Repository for code, datasets, and resources related to my Level 4 project. My project is an NLP task for extracting household task structure from Wikihow articles, specifically related to the tools and materials required for a given task.
- Datasets - Unlabelled datasets generated over the course of the project. Includes TYN dump scraped from Wikihow.
- Notebooks - Notebooks created in the project. Includes exploration of initial design ideas and training of transformer models on hosted GPU.
- Preprocessing scripts - Scripts used to generate and convert labelled training data created using gazetteers and Jaccard similarity matching on noun chunks.
- ner - CNN NER model trained on simple string matching labelled data. spaCy project with instructions for running inside.
- ner_jaccard CNN NER model trained on Jaccard labelled data. spaCy project
- Jaccard_trained_script - To interact with packaged CNN model trained on Jaccard labelled data. Model achieves good results on unseen data labelled using the same method, but system does not perform well at TYN extraction on practical examples.
- Prodigy labelling - Folder with files related to human-labelled data created using Prodigy and models trained on this dataset. Includes spaCy projects for models with instructions to run.
- transformer_ner_HaG - Transformer model trained only on instructions from articles in the "Home and Garden" category, labelled using Jaccard matching. Model achieves good performance and script works well with practical examples from instructions for tasks in the correct category.

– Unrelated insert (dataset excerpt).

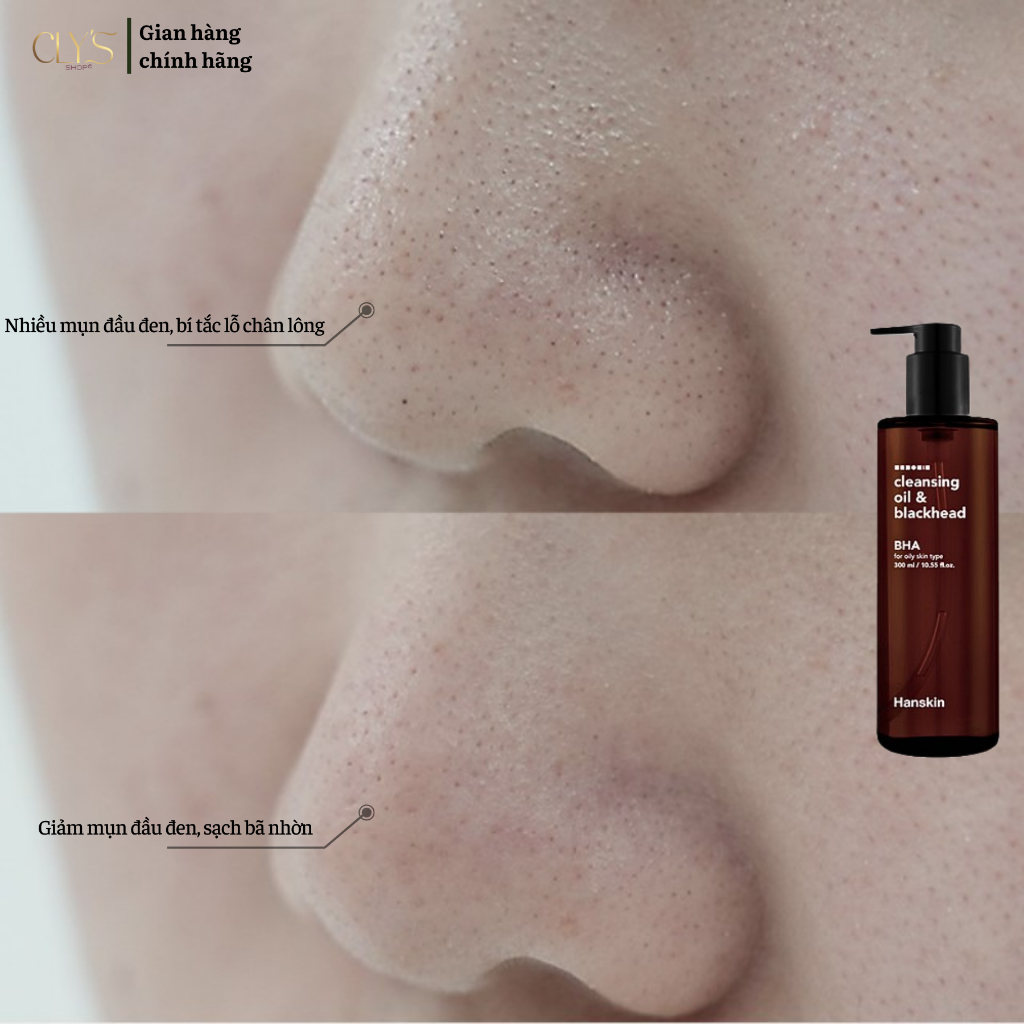 Dầu Tẩy Trang  Hanskin Tẩy Tế Bào Chết Dành Cho Da Dầu Cleasing Oil BHA Hàn Quốc - 300ml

- transformer_prodigy_script - Script for interacting with transformer model trained on human-labelled data. This is the final system evaluated, and this model has the strongest metrics on test data and best results at extracting TYN from real instructions. tests folder inside includes tests on examples of real instructional text.
- model_dataset_application - Directory for scripts and metrics from applying final system for extracting TYN using trained model to Wikihow dataset. Includes produced Wikihow datasets enriched with scraped and generated TYN.